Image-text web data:
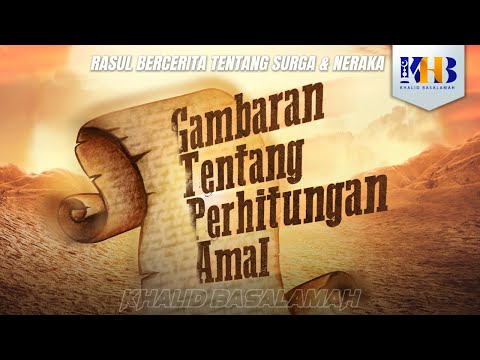 The Prophet Muhammad's Story of Heaven & Hell #29 – Chapter on the Reckoning of Good Deeds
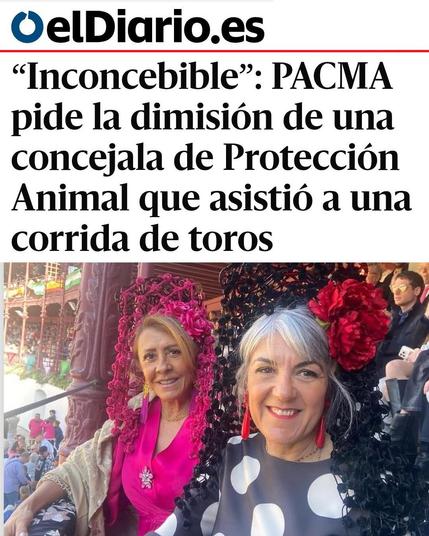 Captura de pantalla de una noticia de elDiario.es. El titular dice: «"Inconcebible": PACMA pide la dimisión de una concejala de Protección Animal que asistió a una corrida de toros». Debajo aparece una foto de la concejala, con mantillo, en la plaza de toros.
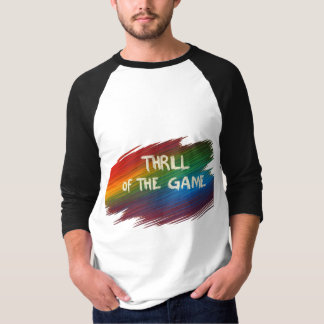 Camiseta Thrill of the Game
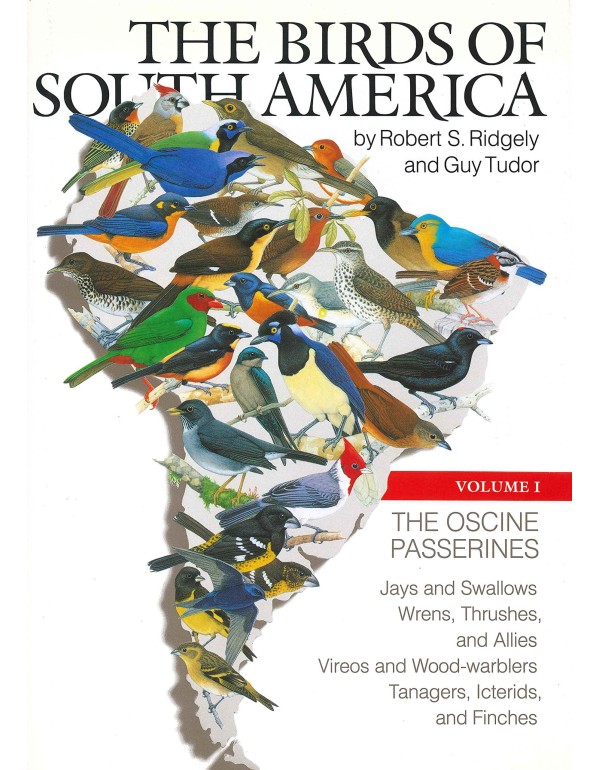 The Birds of South America: Volume 1: The Oscine P...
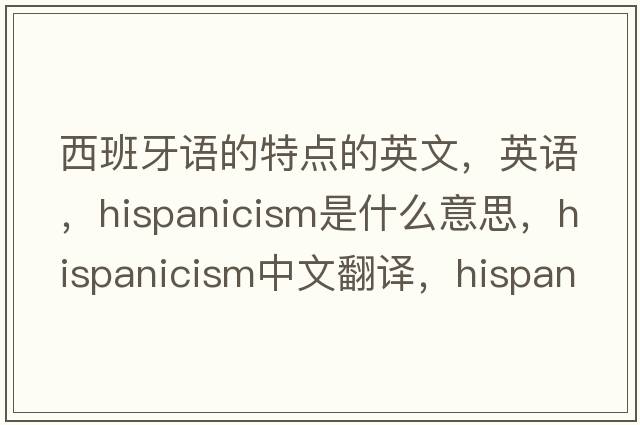 西班牙語(yǔ)的特點(diǎn)的英文，英語(yǔ)，Hispanicism是什么意思，Hispanicism中文翻譯，Hispanicism怎么讀、發(fā)音、用法及例句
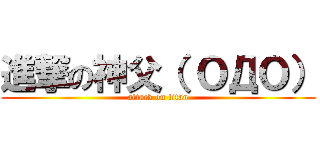 進撃の神父（ ＯДＯ） (attack on titan)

#### Problem details:
Nothing but the records above, retyped exactly and stripped of images, should appear in the answer.

#### Written response:
 The Prophet Muhammad's Story of Heaven & Hell #29 – Chapter on the Reckoning of Good Deeds
 Captura de pantalla de una noticia de elDiario.es. El titular dice: «"Inconcebible": PACMA pide la dimisión de una concejala de Protección Animal que asistió a una corrida de toros». Debajo aparece una foto de la concejala, con mantillo, en la plaza de toros.
 Camiseta Thrill of the Game
 The Birds of South America: Volume 1: The Oscine P...
 西班牙語(yǔ)的特點(diǎn)的英文，英語(yǔ)，Hispanicism是什么意思，Hispanicism中文翻譯，Hispanicism怎么讀、發(fā)音、用法及例句
 進撃の神父（ ＯДＯ） (attack on titan)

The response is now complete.